All the articles, including the input, will be summarized with a Bart model by default (or a T5 model) before getting encoded by a SentenceTransformer, which maps sentences and paragraphs to a 384-dimensional dense vector space. The index search algorithm will then compare the input vector and the database, returning the indices of the Top 5 results. The final output will be retrieved from our dataset based on the indices.

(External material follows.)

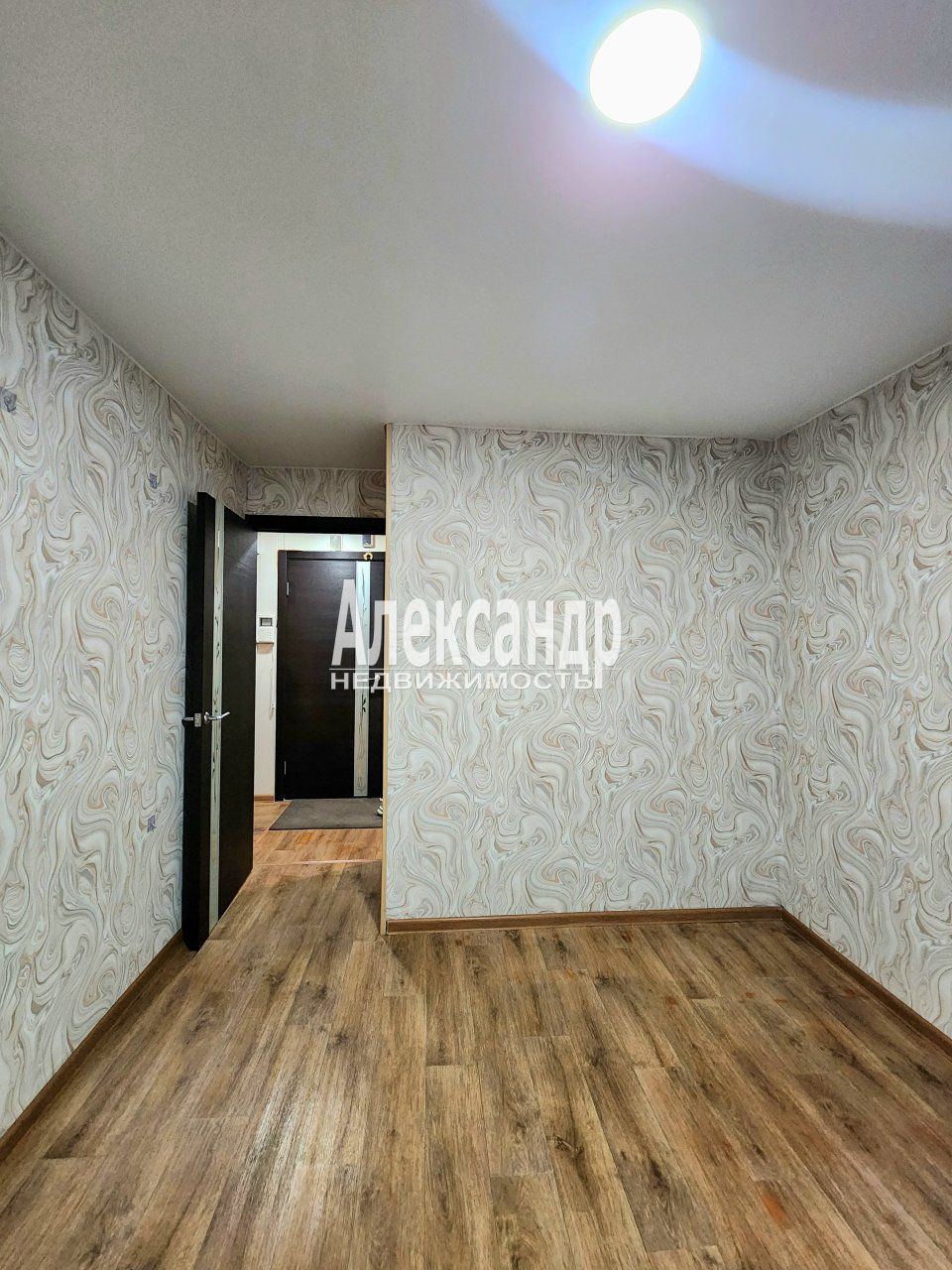 2-комнатная квартира (47м2) на продажу по адресу Ленинградская область, Кириши, улица Строителей, 10— фото 10 из 12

We currently host our example dataset on AWS S3, which has 9800+ entries, and it is publicly available. Instead of the whole dataset, we stored the partitions of it so that we only need to retrieve the partitions that contain the final indices. We have also defined functions to automate the process of dataset partitioning, uploading and reading from AWS S3.
News-Recommendation/
│
├── app/
│ ├── static/
│ │ └── styles.css # CSS styles
│ ├── templates/
│ │ ├── index.html # Main page template
│ │ └── results.html # Results display template
│ │ └── error.html # Error display template
│ ├── __init__.py # Initialize Flask app
│ └── routes.py # Flask routes
│
├── dataset/
│ ├── partitioned_embeddings/ # Example vector dataset partitions
│ ├── partitioned_nyt/ # Example dataset partitions
│ └── embeddings.npy # Encoded vectors of dataset
│
├── news_articles/ # Scrapy project files
│ ├── news_articles/
│ │ ├── spiders/
│ │ │ └── __init__.py
│ │ │ └── news_spider.py # Spider class definition
│ │ └── __init__.py
│ │ └── items.py
│ │ └── middlewares.py
│ │ └── pipelines.py
│ │ └── settings.py
│ │ └── spider_runner.py # Spider runner definition
│ └── scrapy.cfg
│
├── utils/
│ ├── vectorizer.py # Script for article vectorization
│ └── indexer.py # Script for creating and querying the index
│ └── util.py # Script for dataset partition and interaction with S3
│
├── requirements.txt # Python dependencies
└── run.py # Entry point to run the Flask app